◆ TASK BRIEF: Return only the lines running from the first line of the listing through the one with "武汉版8年级科学下册高清教材", unchanged.
====
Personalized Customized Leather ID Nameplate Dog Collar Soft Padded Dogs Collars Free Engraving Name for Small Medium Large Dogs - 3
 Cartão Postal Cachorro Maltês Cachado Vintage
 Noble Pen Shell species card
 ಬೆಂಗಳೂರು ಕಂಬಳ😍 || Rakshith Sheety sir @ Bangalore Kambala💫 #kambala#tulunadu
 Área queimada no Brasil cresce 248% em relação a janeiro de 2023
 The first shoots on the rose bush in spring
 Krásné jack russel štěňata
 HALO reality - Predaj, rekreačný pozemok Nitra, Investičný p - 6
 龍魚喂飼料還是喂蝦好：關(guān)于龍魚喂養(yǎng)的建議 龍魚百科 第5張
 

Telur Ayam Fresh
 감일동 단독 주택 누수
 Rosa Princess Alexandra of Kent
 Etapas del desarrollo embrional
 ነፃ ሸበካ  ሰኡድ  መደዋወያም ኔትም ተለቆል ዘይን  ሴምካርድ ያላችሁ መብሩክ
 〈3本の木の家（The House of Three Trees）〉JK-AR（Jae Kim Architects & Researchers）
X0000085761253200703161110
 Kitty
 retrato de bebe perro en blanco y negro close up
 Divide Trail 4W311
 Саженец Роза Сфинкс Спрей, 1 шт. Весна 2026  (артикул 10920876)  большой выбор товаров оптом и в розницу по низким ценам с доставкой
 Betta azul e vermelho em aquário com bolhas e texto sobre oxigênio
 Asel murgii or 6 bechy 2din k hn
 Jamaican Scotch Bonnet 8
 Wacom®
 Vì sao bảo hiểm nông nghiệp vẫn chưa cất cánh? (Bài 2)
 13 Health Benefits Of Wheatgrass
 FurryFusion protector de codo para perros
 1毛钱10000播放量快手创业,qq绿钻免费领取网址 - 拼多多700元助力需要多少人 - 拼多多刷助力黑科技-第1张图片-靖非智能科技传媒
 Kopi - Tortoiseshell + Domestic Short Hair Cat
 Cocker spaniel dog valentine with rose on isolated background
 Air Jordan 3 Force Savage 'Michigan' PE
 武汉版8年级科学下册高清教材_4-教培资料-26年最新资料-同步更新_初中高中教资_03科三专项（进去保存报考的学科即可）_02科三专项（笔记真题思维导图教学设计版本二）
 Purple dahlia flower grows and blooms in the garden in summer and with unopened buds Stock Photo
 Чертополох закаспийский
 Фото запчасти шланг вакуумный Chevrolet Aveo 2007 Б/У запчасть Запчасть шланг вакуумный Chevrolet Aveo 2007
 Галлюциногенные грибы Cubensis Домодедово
====
◆ WRITTEN SOLUTION:
Personalized Customized Leather ID Nameplate Dog Collar Soft Padded Dogs Collars Free Engraving Name for Small Medium Large Dogs - 3
 Cartão Postal Cachorro Maltês Cachado Vintage
 Noble Pen Shell species card
 ಬೆಂಗಳೂರು ಕಂಬಳ😍 || Rakshith Sheety sir @ Bangalore Kambala💫 #kambala#tulunadu
 Área queimada no Brasil cresce 248% em relação a janeiro de 2023
 The first shoots on the rose bush in spring
 Krásné jack russel štěňata
 HALO reality - Predaj, rekreačný pozemok Nitra, Investičný p - 6
 龍魚喂飼料還是喂蝦好：關(guān)于龍魚喂養(yǎng)的建議 龍魚百科 第5張
 

Telur Ayam Fresh
 감일동 단독 주택 누수
 Rosa Princess Alexandra of Kent
 Etapas del desarrollo embrional
 ነፃ ሸበካ  ሰኡድ  መደዋወያም ኔትም ተለቆል ዘይን  ሴምካርድ ያላችሁ መብሩክ
 〈3本の木の家（The House of Three Trees）〉JK-AR（Jae Kim Architects & Researchers）
X0000085761253200703161110
 Kitty
 retrato de bebe perro en blanco y negro close up
 Divide Trail 4W311
 Саженец Роза Сфинкс Спрей, 1 шт. Весна 2026  (артикул 10920876)  большой выбор товаров оптом и в розницу по низким ценам с доставкой
 Betta azul e vermelho em aquário com bolhas e texto sobre oxigênio
 Asel murgii or 6 bechy 2din k hn
 Jamaican Scotch Bonnet 8
 Wacom®
 Vì sao bảo hiểm nông nghiệp vẫn chưa cất cánh? (Bài 2)
 13 Health Benefits Of Wheatgrass
 FurryFusion protector de codo para perros
 1毛钱10000播放量快手创业,qq绿钻免费领取网址 - 拼多多700元助力需要多少人 - 拼多多刷助力黑科技-第1张图片-靖非智能科技传媒
 Kopi - Tortoiseshell + Domestic Short Hair Cat
 Cocker spaniel dog valentine with rose on isolated background
 Air Jordan 3 Force Savage 'Michigan' PE
 武汉版8年级科学下册高清教材_4-教培资料-26年最新资料-同步更新_初中高中教资_03科三专项（进去保存报考的学科即可）_02科三专项（笔记真题思维导图教学设计版本二）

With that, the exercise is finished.